> _Source data_
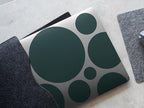 ORACAL 951 Jade Metallic Gloss Permanent Adhesive Vinyl Roll - Image 8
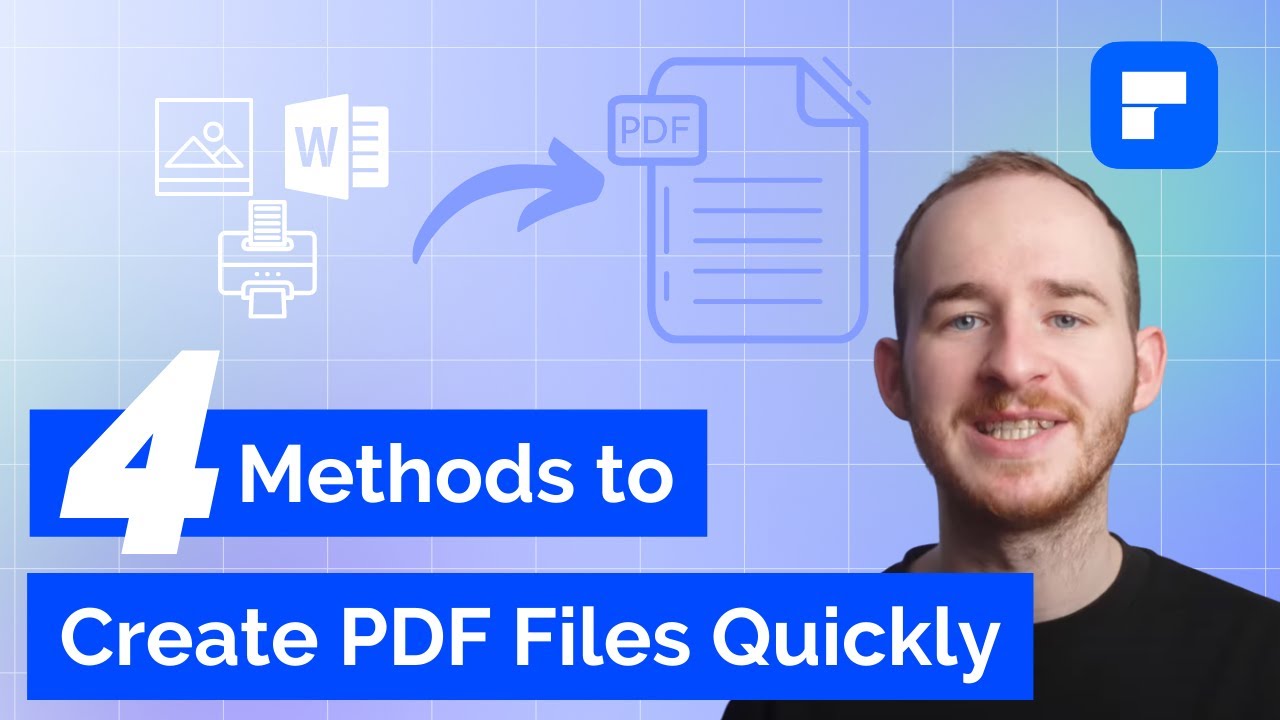 How to Create PDF Files Quickly and Easily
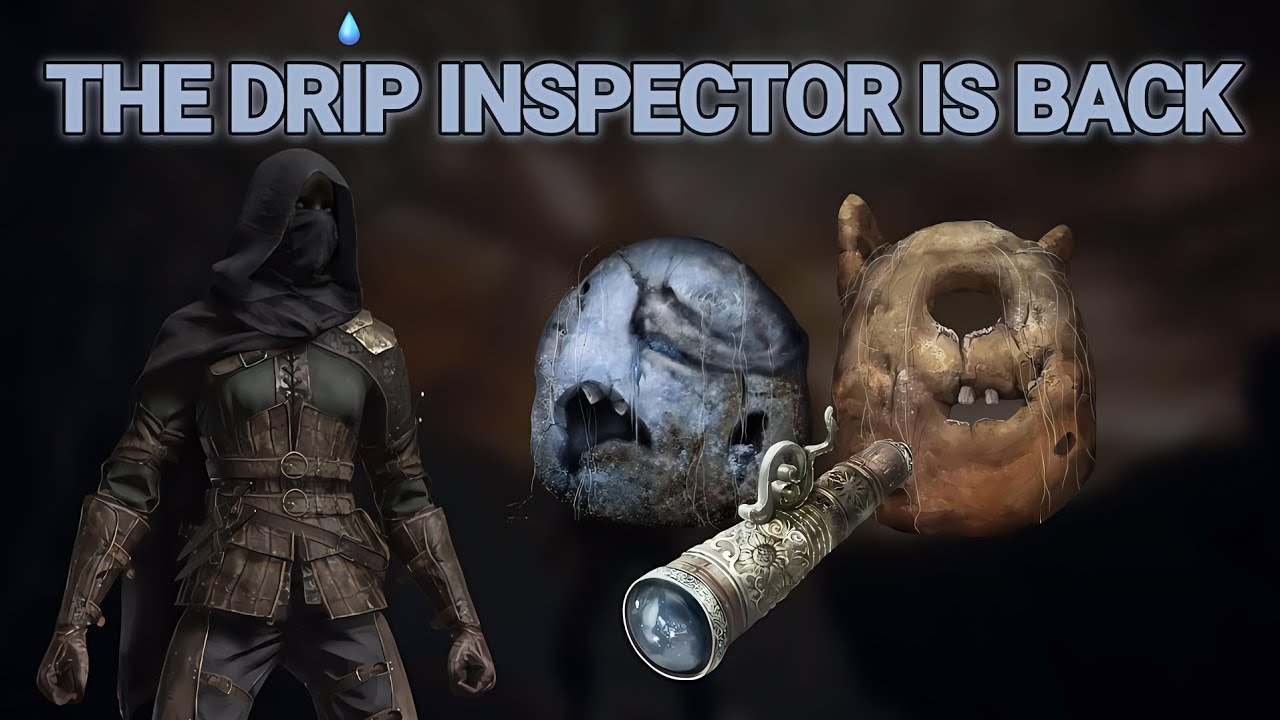 The Drip Inspector Is Back | Elden Ring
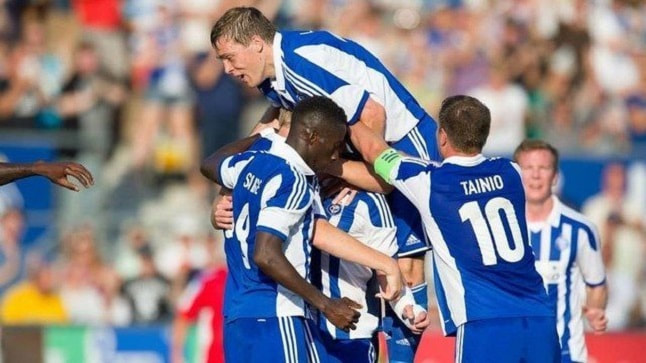 Hình ảnh đối đầu HJK Helsinki vs KTP Kotka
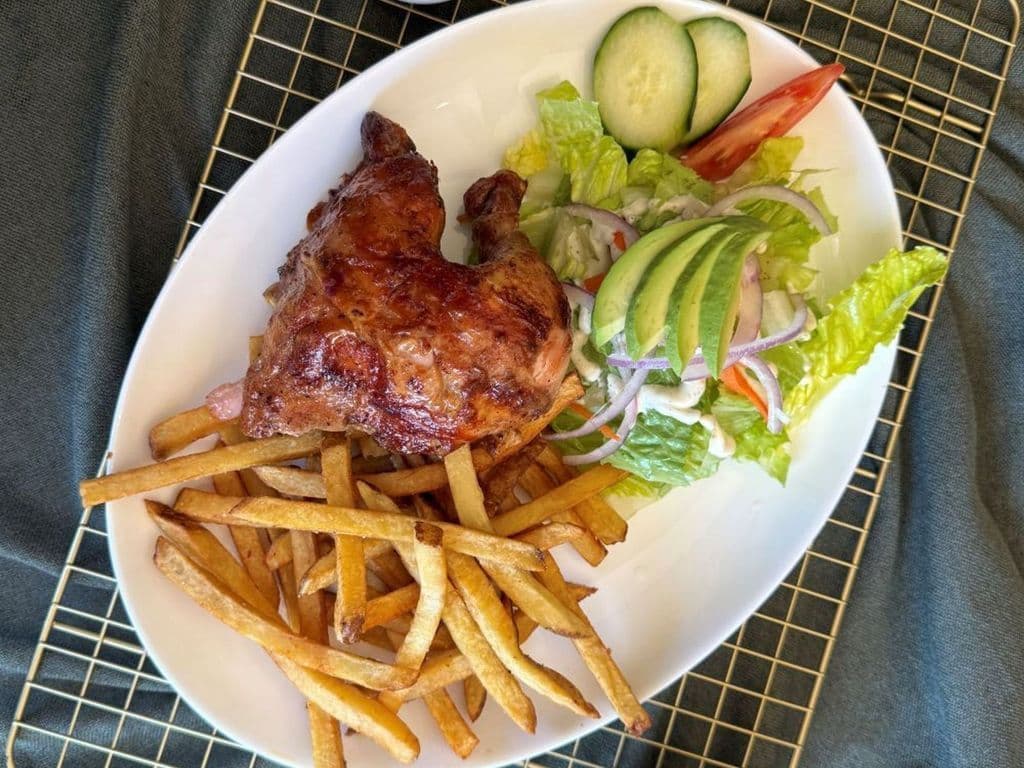 1/4 CUISSE DE POULET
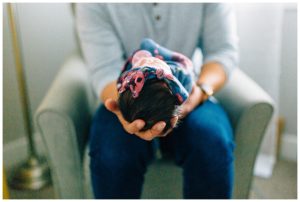 Baby M | Cozy Newborn Session | Utah Newborn Photographer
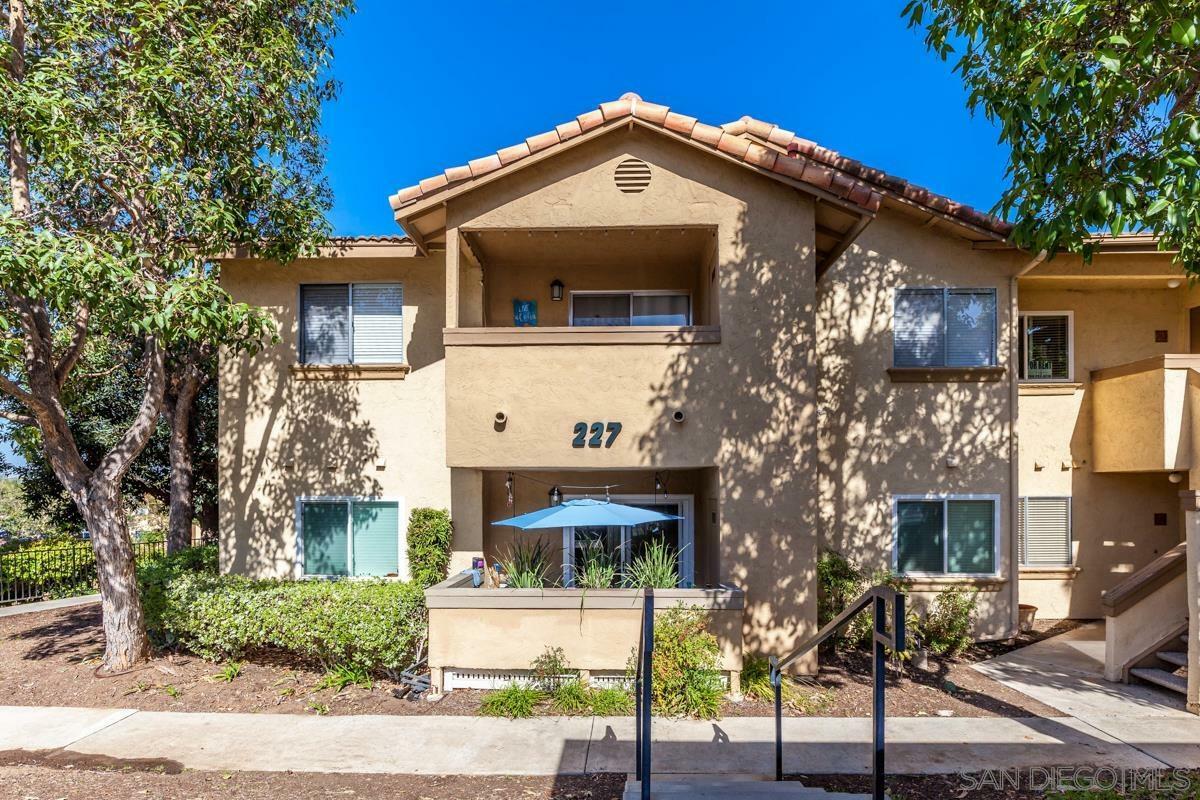 Property Photo:  227 Woodland Pkwy 161  CA 92069 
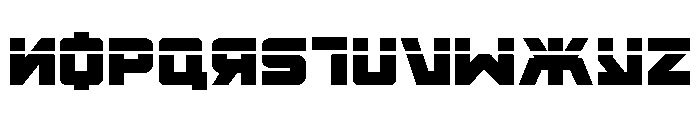 Kremlingrad Laser Font LOWERCASE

> _Exercise requirements_
When copying the listing above, begin at its first line and stop after the line with "1/4 CUISSE DE POULET", keeping each line exact and dropping the pictures.

> _Exercise solution_
 ORACAL 951 Jade Metallic Gloss Permanent Adhesive Vinyl Roll - Image 8
 How to Create PDF Files Quickly and Easily
 The Drip Inspector Is Back | Elden Ring
 Hình ảnh đối đầu HJK Helsinki vs KTP Kotka
 1/4 CUISSE DE POULET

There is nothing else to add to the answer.